New collection tackles the social, political, and environmental problems of Muskrat Falls
Helmed by associate professors Stephen Crocker and Lisa Moore, Muskrat Falls: How a Mega Dam Became a Predatory Formation offers a multi-dimensional analysis of the social, political, and environmental problems produced by the mega project.
For more than a decade now, the $13 billion Muskrat Falls hydroelectric dam has been generating a never-ending assemblage of crises in the public life of Newfoundland and Labrador. In a new collection, a wealth of interdisciplinary voices come together to investigate topics ranging from Indigenous resistance to the dam, the role of journalism and social media, and the science and politics of methylmercury and geophysical stability.

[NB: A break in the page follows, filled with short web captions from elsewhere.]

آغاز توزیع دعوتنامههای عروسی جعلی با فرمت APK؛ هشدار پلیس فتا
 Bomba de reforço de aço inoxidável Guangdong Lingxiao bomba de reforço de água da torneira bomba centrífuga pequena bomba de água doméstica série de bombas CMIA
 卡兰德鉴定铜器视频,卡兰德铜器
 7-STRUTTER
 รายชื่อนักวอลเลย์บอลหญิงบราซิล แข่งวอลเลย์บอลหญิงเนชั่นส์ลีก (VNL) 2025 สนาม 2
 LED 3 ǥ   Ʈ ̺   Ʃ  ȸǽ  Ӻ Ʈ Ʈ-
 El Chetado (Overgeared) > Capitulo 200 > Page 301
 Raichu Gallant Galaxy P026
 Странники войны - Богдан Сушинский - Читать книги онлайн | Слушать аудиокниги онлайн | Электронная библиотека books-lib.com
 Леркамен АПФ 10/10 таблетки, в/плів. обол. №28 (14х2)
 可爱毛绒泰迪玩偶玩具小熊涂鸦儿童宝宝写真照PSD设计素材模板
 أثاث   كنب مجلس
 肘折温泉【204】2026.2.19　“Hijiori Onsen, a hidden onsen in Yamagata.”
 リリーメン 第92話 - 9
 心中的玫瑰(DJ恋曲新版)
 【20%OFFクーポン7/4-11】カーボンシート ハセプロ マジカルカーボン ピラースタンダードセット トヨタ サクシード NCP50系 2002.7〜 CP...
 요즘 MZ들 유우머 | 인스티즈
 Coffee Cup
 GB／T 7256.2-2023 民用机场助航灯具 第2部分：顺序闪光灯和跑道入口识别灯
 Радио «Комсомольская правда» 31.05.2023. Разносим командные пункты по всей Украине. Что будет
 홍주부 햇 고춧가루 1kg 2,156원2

Muskrat Falls compiles research, scholarly essays, interviews, original artwork, photographs, and a short story, all impelled by the mega dam, and brings together contributions from engineers, public critics, journalists, artists, and academics.
Stephen Crocker is an associate professor of sociology at Memorial University specializing in social and political theory, media studies, and Newfoundland society and culture. He is the author of Bergson and the Metaphysics of Media (Palgrave 2013) and of numerous essays and works in social theory and Newfoundland culture.
Lisa Moore has written three collections of short stories, Degrees of Nakedness, Open, and Something for Everyone, three novels, Alligator, February, and Caught, as well as a stage play, and a young adult novel, Flannery. A new novel, This is How We Love, is forthcoming in May 2022. Lisa is an associate professor in the English Department at Memorial University, where she teaches creative writing.